Insert into table @ remote

Insert into table

Commit;

兩階段提交保證分佈事物全部提交或全部回滾

系統引數commit_point_strength 定義了分佈資料庫的提交順序,commit_point_strength值較高的資料庫為commit point site,在分佈事物中最先提交,分佈事物的狀態資訊也存在該資料庫中。一般將關鍵的資料庫作為commit point site 本地資料庫為Global Coordinator

分佈事物的兩階段提交分三個過程:

1. 準備階段(PREPARE PHASE

·本地資料庫Global Coordinator向其它資料庫發出COMMIT通知

·比較所有資料庫的SCN號,將最高的SCN號作為分佈事物的全域性SCN

·所有資料庫寫線上日誌

·對分佈事物修改的表加分佈鎖,防止被讀寫

·各資料庫向Global Coordinator發出已經準備好的通知

所有參與分佈事物的資料庫必須經過上述準備,才能進入下一階段。

2. 提交階段(COMMIT PHASE

·本地資料庫Global Coordinator通知commit point site首先提交。

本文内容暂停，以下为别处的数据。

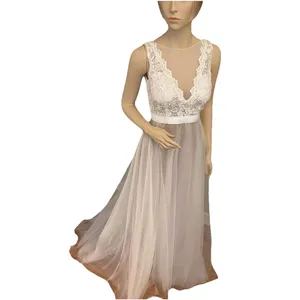 Hebeos wedding dress white lace‎ and tool over champagne sz 2 thumbnail 5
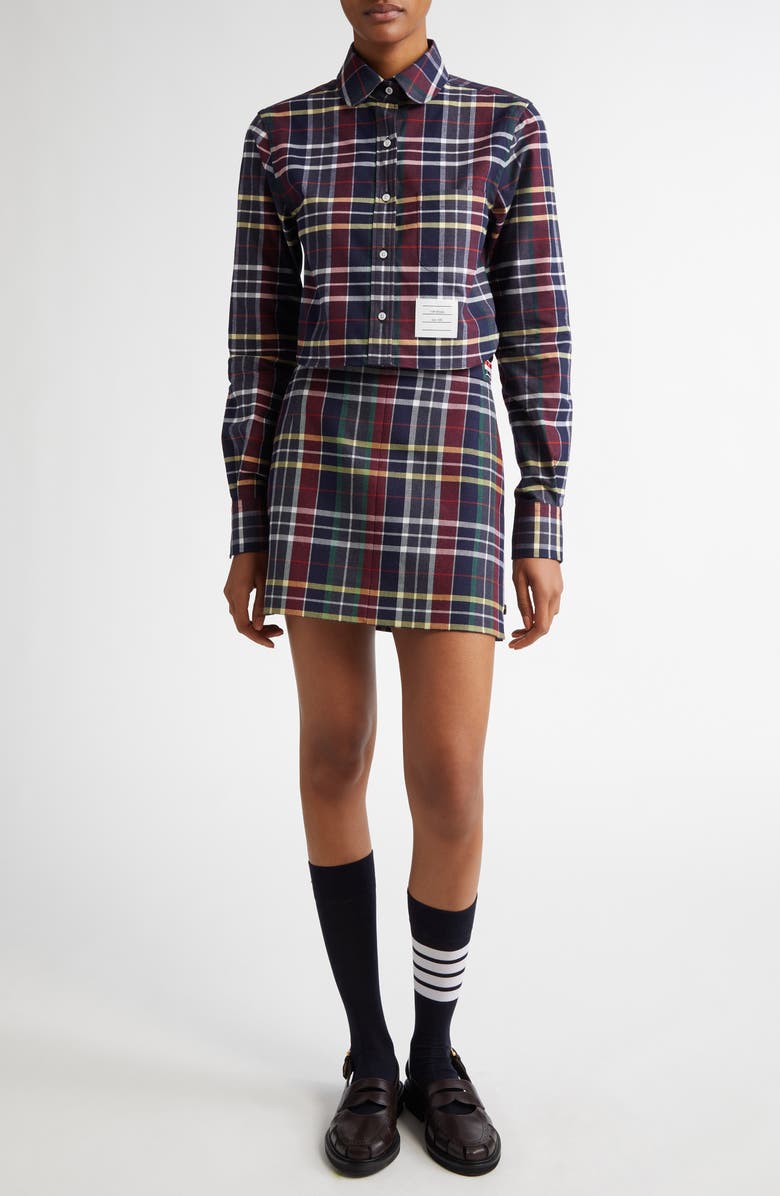 Thom Browne Tartan Side Tab Wool Miniskirt, Alternate, color,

commit point site提交後,釋放其佔有的資源,通知Global Coordinator完成提交

·本地資料庫Global Coordinator通知其它資料庫提交

·提交節點在日誌中追加一條資訊,表示分佈事物已經完成提交,並通知Global Coordinator。此時所有資料庫的資料保持了一致性。

3. 登出階段(FORGET PHASE

·本地資料庫Global Coordinator通知commit point site所有資料庫已經完成提交

·commit point site清除分佈事物的記錄和狀態資訊,並通知Global Coordinator

·Global Coordinator清除本地分佈事物的記錄和狀態資訊

此時分佈事物的兩階段提交全部完成。

如果兩階段提交完成之前,資料庫或網路出現異常,應用就會報錯,分佈事物處於IN_DOUBT狀態。一旦資料庫或網路恢復正常,系統(RECO PROCESS)會自動處理IN_DOUBT狀態的分佈事物。有些情況需要管理員手工處理IN_DOUBT狀態的分佈事物:

·IN_DOUBT狀態的分佈事物,將關鍵表鎖住,造成應用不能正常工作

·分佈資料庫需要重建

下面舉例說明不同情況下,手工處理IN_DOUBT狀態分佈事物的詳細過程:

本地資料庫Global Coordinator

local.oracle.com

commit_point_strength=5

遠端資料庫commit point site:

remote.oracle.com

commit_point_strength=10

分佈事物:

/* DML remote -> remote.oracle.com */

insert into s_dept@remote values ();

/* DML local -> v817rep.be.oracle.com */

insert into emp values ();

commit;

1. 準備階段沒有完成時出現異常

ALERT FILE LOCAL.ORACLE.COM:

ORA-02050: transaction 3.4.270 rolled back, some REMOTE DBs may be in-doubt

ORA-02059: ORA-2PC-CRASH-TEST-2 in commit comment

DISTRIB TRAN LOCAL.ORACLE.COM.89f6eafb.3.4.270

is LOCAL tran 3.4.270 (hex=03.04.10e)

insert pending collecting tran, scn=196918 (hex=0.00030136)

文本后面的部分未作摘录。